THE GREAT QUENTINI (sweaty Yeti): Quentin Davis a.k.a. The Great Quentini is a mental health magician. Using alien technologies scavenged from deep in our future race memory, he transforms space into a " childhood disinhibition zone". These technologies are constructed today by the Great Quentini and use materials salvaged or trash picked to enhance their powers. For upcoming performances and more, contact Quentini@earthlink.net.
Undercity at Haycyon, February 24, 2002
Brooklyn, NY
Live solo performance. Halcyon is a combination cafe/record store/living room -- a really comfortable place to hang out and discover new music.
Music From A Fishbowl, February 3, 2002
(A Benefit For The Eighth Step)
Cohoes, NY
The Fishbowl works like this: sixteen or so musicians show up, eat a supper together and have their names drawn from the fishbowl in pairs, resulting in some very unlikely combinations of talents. Each pair then has two hours to come up with a fifteen minute set of music, which they then perform for the audience. I was paired up with young, wild and beautiful Paddy Kilrain, a talented singer-songwriter who performs her achingly honest songs with a sharp edge and a voice that rises from girlish to avenging Valkyrie in a heartbeat.
Caffe Lena,
January 11, 2002
Saratoga Springs, NY
This was an exquisite evening, appearing with Jupiter Circle We had a grand time, and even managed to fit everyone on the stage. Lena's is a wonderful place to perform and an even better place to see a show, so if you ever have an opportunity to see someone interesting there, GO! We recorded the performance, but somehow managed to get more of the sound of silverware rattling in the kitchen than the music from the stage.
2001 Multimedia Festival, December 11, 2001
Lawrence, Massachusetts
with TerrEtroN, Rock'it Society, and
Zero Times Infinity vs. Jekyll Island vs. Seratonin vs. Walter
Wright
I have a theory: the louder/weirder/harsher/scarier the music is, the nicer the performers are. This was a great night of very loud and harsh music performed by some really sweet guys, and then me at the end of the night to calm everybody down and send them home. The highlight of the evening, for me, was Deftly-D's electric grinder on a car wheel, which sent showers of sparks flying halfway across the room. I would have gotten a little closer but my hair looked pretty good that night and I didn't want to set it on fire.
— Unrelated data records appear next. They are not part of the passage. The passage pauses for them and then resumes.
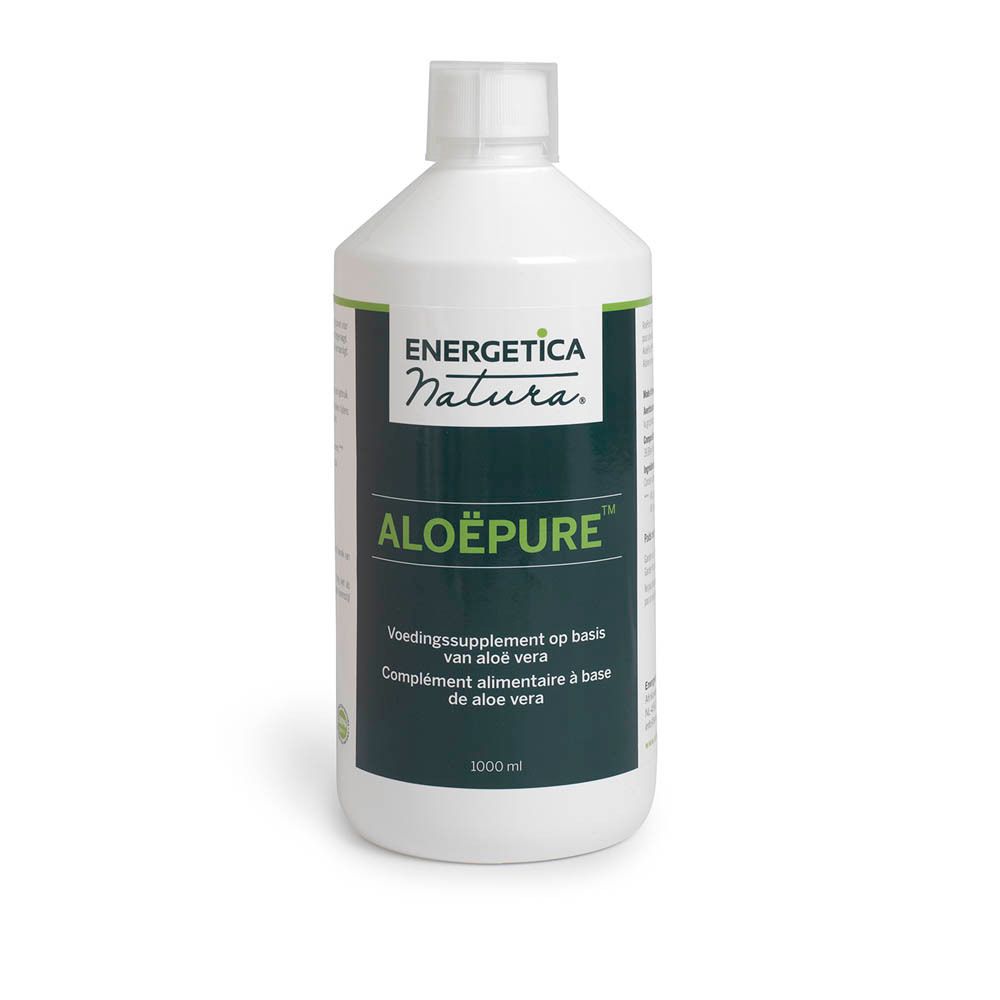 Witte fles met ALOËPURE™-label. Voedingssupplement op basis van aloë vera. 1000 ml.
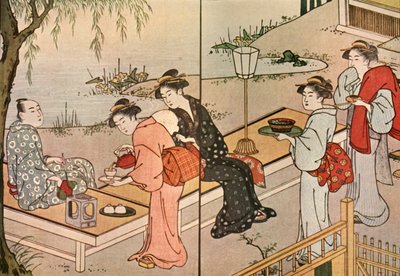 Teát felszolgáló nő, 1790, 1924. alkotó: Katsukawa Shuncho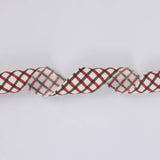 Block Printed Ribbon 3m - Red & Green Gingham
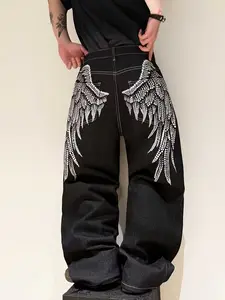 UPTHE Men's Wide-Leg Jeans - Y2K Street Style Casual Loose Baggy Jeans with Angel Wing Prints, Perfect for Pairing with T-Shirts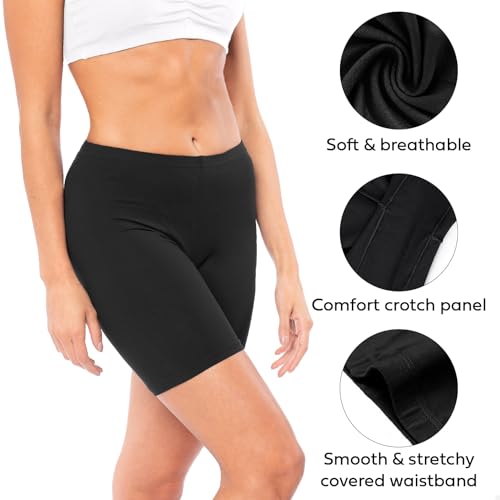 Sexy Basics Women's Cotton Stretch Active Slip Shorts | 3 Pack & 6 Pack Boy Short Boxer Briefs3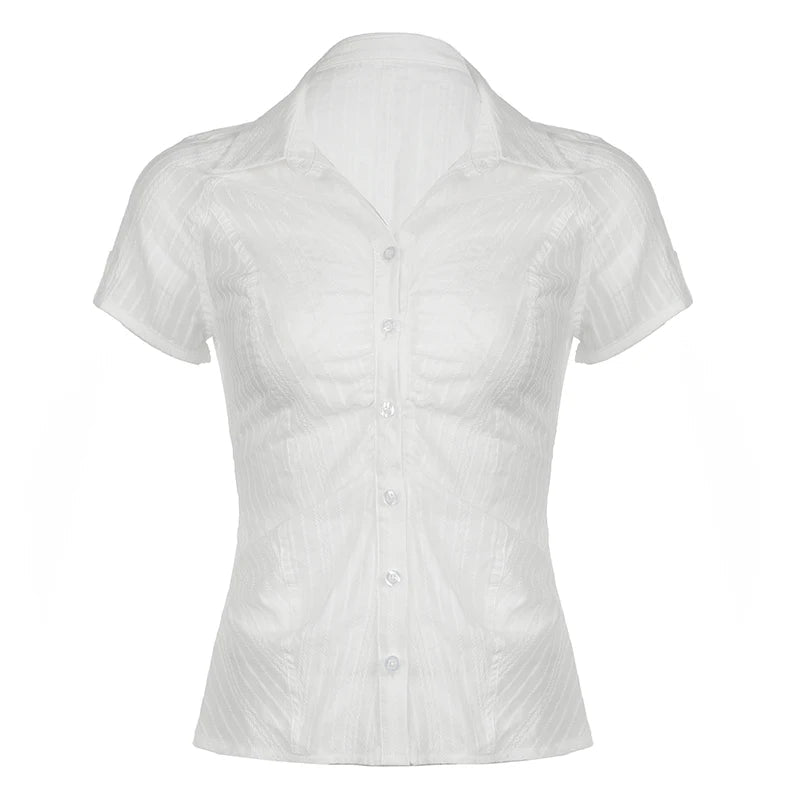 Aiertu  -  Fashion Chic Folds Summer Blouse Women Texture Stripe Buttons-Up Cardigan Shirt Korean French Tops Short Sleeve Basic Aiertu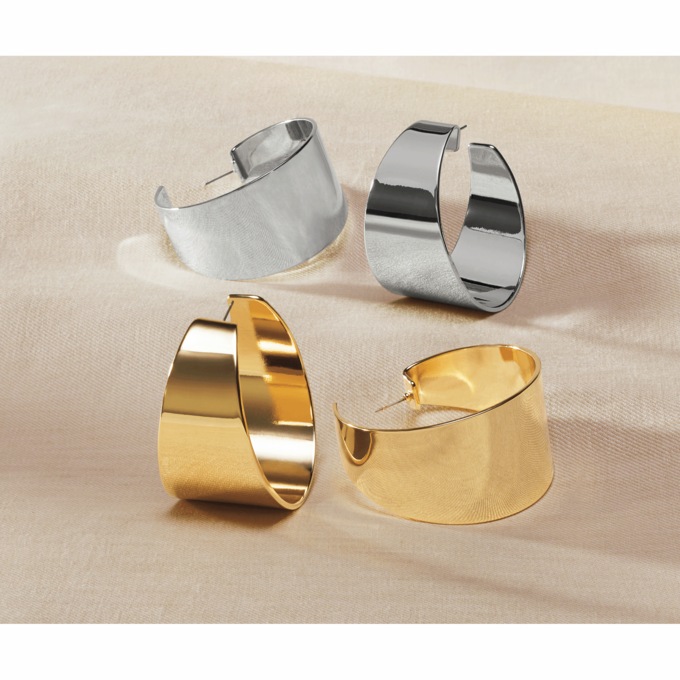 Wide Hoop Earrings, , large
Soundscape at Openair, December 4, 2001
New York, New York

Soundscape is billed as the only true "ambient" event in NYC,
developed by the Agriculture's Jameson and Undercity's Mercy_killah
& Hazmaat. Staged at Openair, a sleek bar on St. Marks, it's an
oasis of calm in the bustling frenzy of New York City's East
Village. I played here on December 4, 2001 and had a grand time.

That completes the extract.